Segment Start: Given records

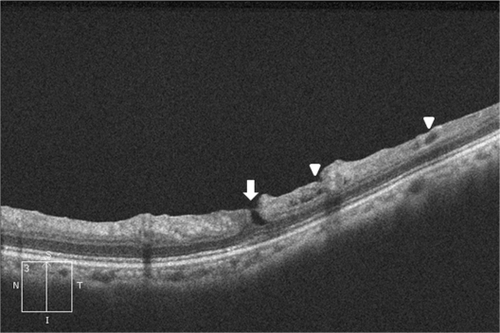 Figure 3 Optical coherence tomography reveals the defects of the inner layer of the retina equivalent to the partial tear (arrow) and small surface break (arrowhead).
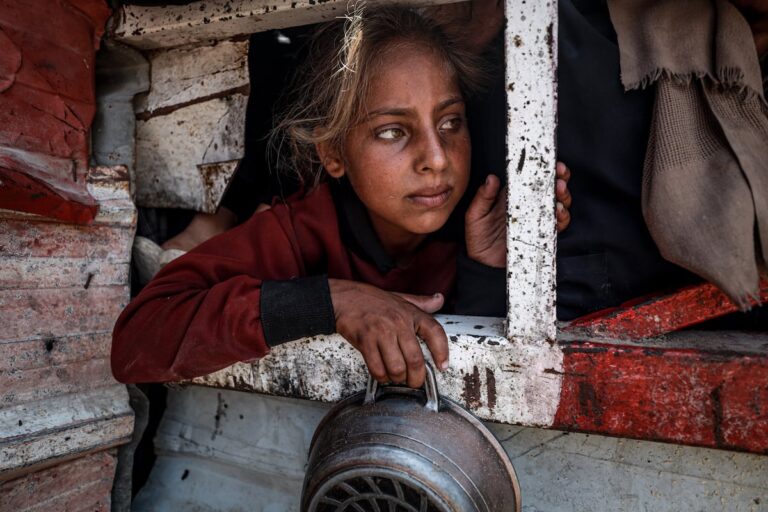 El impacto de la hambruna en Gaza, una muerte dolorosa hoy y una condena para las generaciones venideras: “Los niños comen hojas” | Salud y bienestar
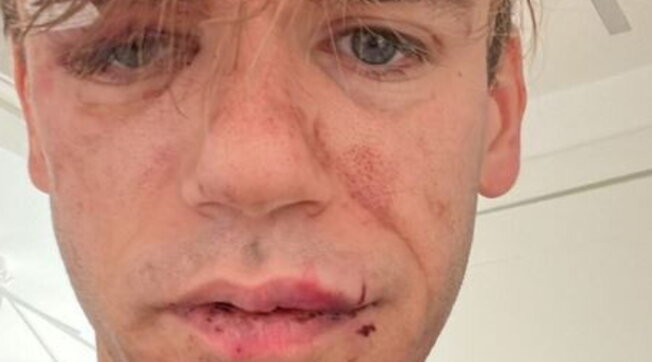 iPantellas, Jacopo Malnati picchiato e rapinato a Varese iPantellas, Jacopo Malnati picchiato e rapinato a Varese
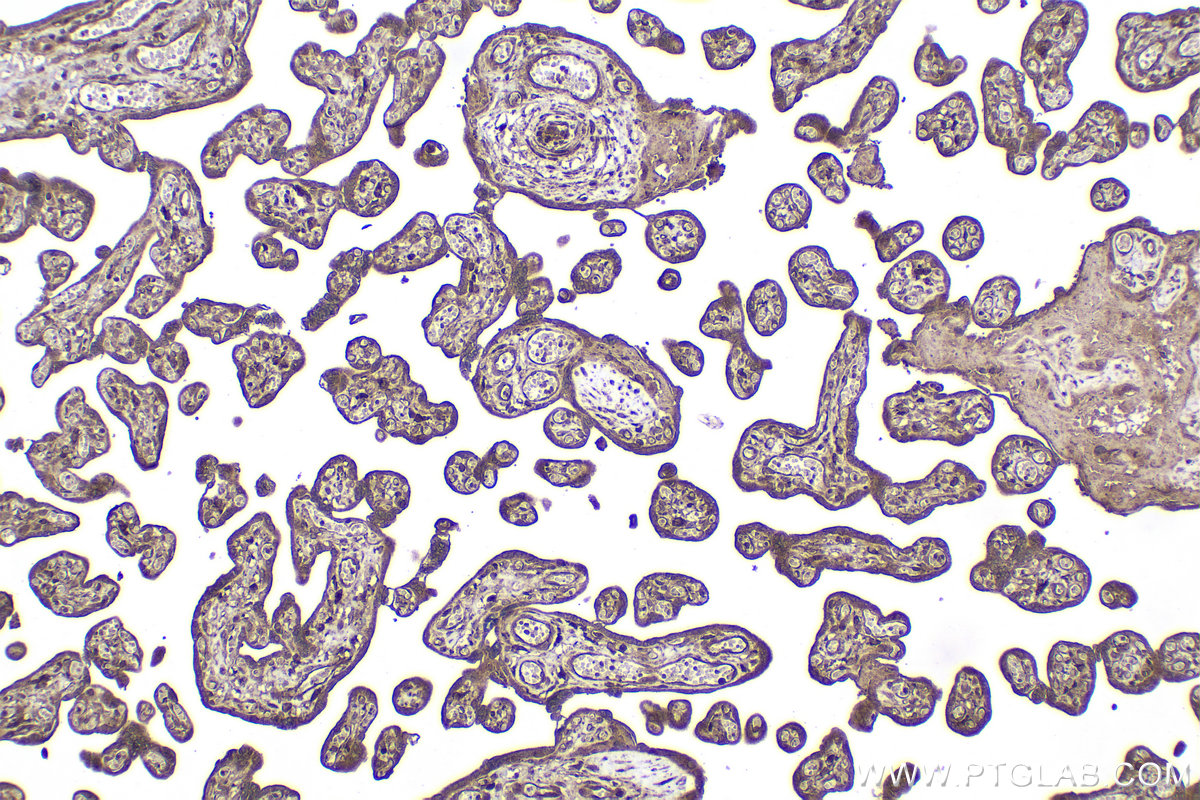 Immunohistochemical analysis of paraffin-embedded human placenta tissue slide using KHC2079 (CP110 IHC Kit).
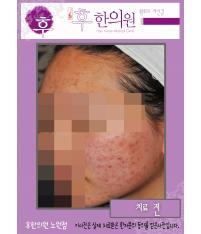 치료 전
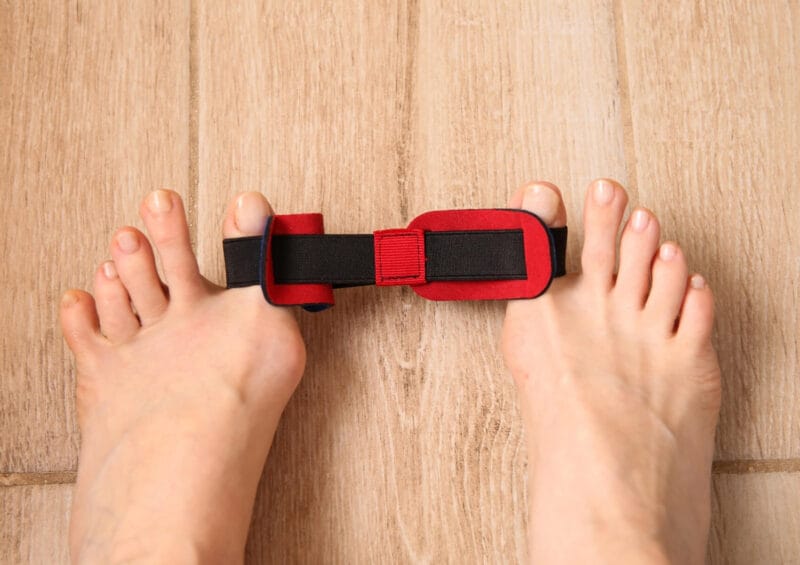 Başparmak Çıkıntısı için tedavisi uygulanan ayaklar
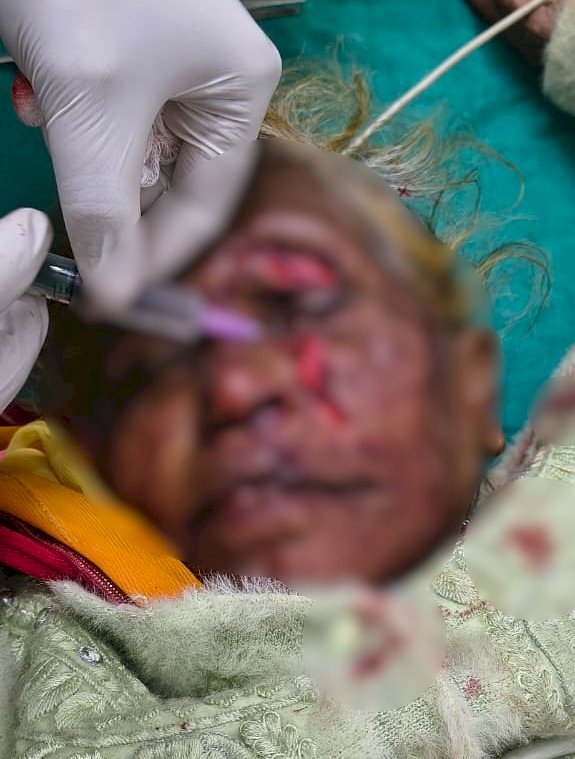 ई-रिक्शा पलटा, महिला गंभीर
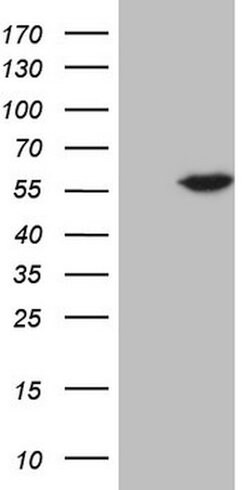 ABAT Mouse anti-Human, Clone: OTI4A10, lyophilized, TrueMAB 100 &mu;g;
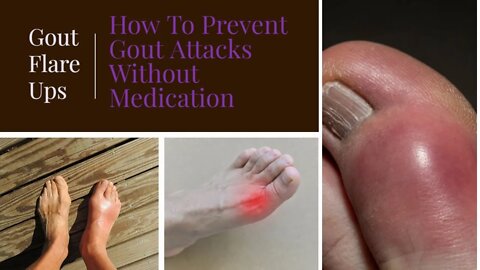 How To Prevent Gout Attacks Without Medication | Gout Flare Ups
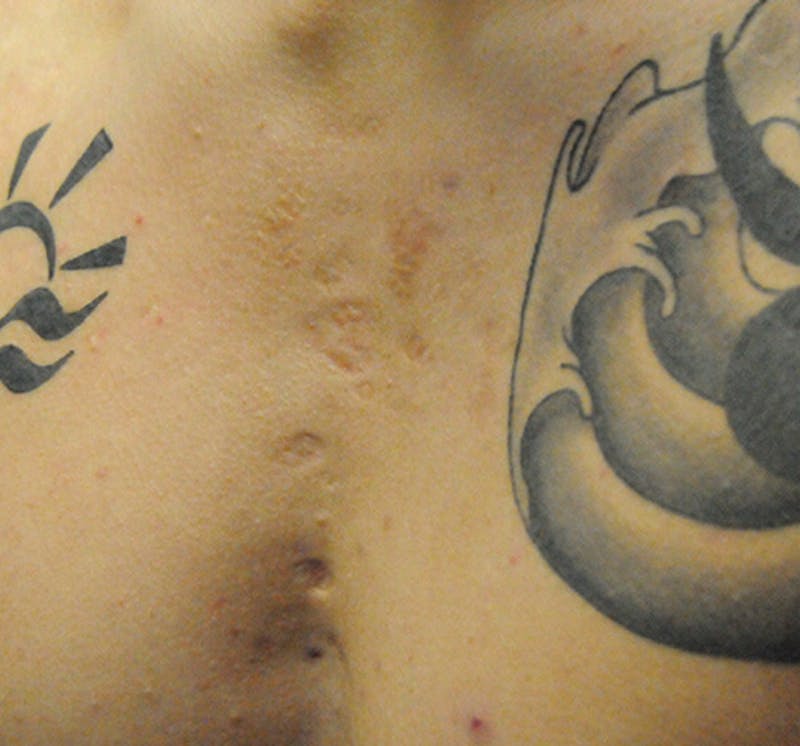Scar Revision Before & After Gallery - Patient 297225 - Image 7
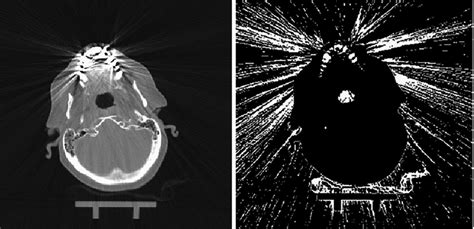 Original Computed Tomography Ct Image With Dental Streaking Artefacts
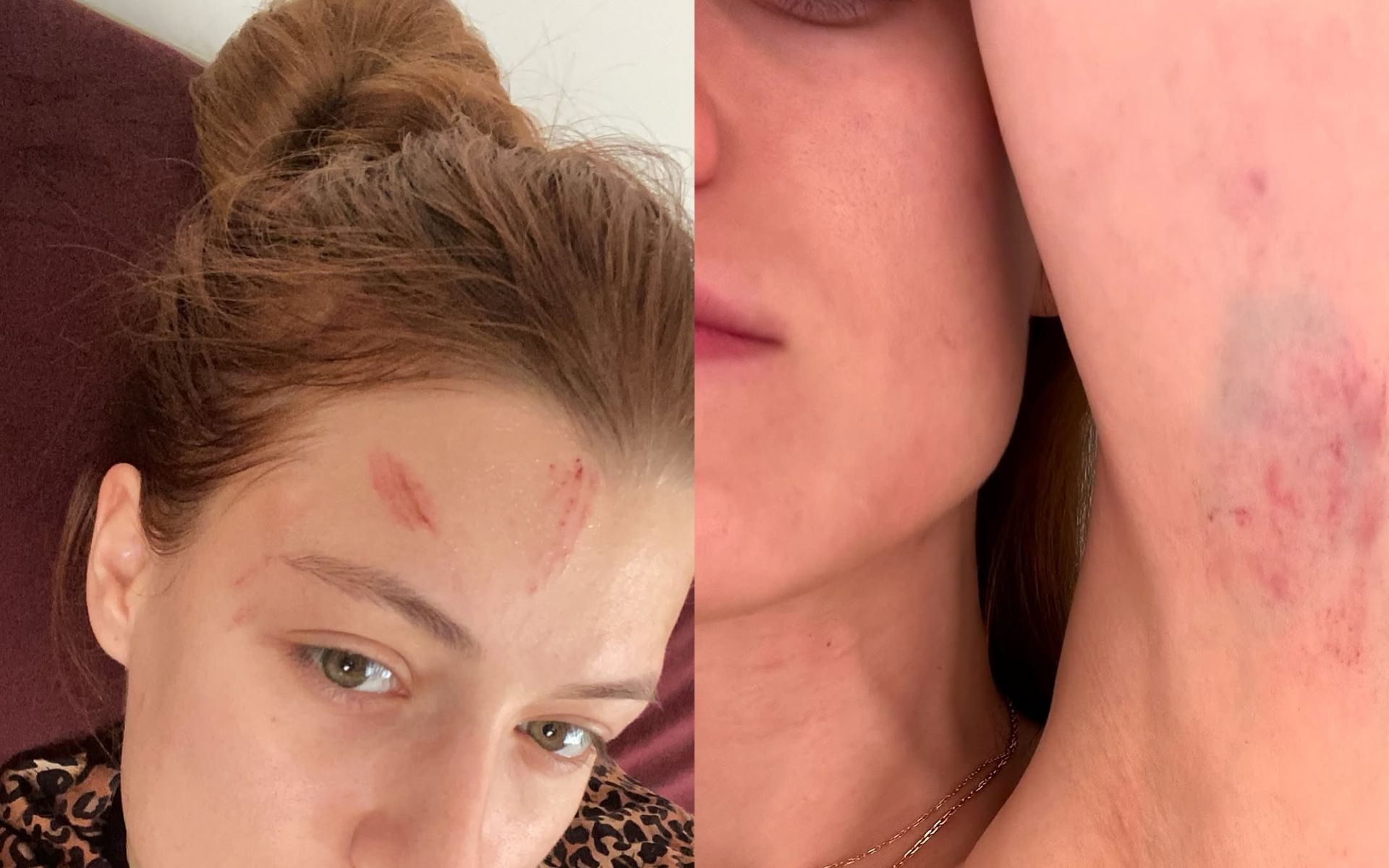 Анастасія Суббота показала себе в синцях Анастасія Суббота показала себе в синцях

Segment End: Given records

> Work instructions
Copy the lines from the line that contains "El impacto de" through the end of the records, exactly and with nothing added; leave the pictures out.

> Answer
 El impacto de la hambruna en Gaza, una muerte dolorosa hoy y una condena para las generaciones venideras: “Los niños comen hojas” | Salud y bienestar
 iPantellas, Jacopo Malnati picchiato e rapinato a Varese iPantellas, Jacopo Malnati picchiato e rapinato a Varese
 Immunohistochemical analysis of paraffin-embedded human placenta tissue slide using KHC2079 (CP110 IHC Kit).
 치료 전
 Başparmak Çıkıntısı için tedavisi uygulanan ayaklar
 ई-रिक्शा पलटा, महिला गंभीर
 ABAT Mouse anti-Human, Clone: OTI4A10, lyophilized, TrueMAB 100 &mu;g;
 How To Prevent Gout Attacks Without Medication | Gout Flare Ups
Scar Revision Before & After Gallery - Patient 297225 - Image 7
 Original Computed Tomography Ct Image With Dental Streaking Artefacts
 Анастасія Суббота показала себе в синцях Анастасія Суббота показала себе в синцях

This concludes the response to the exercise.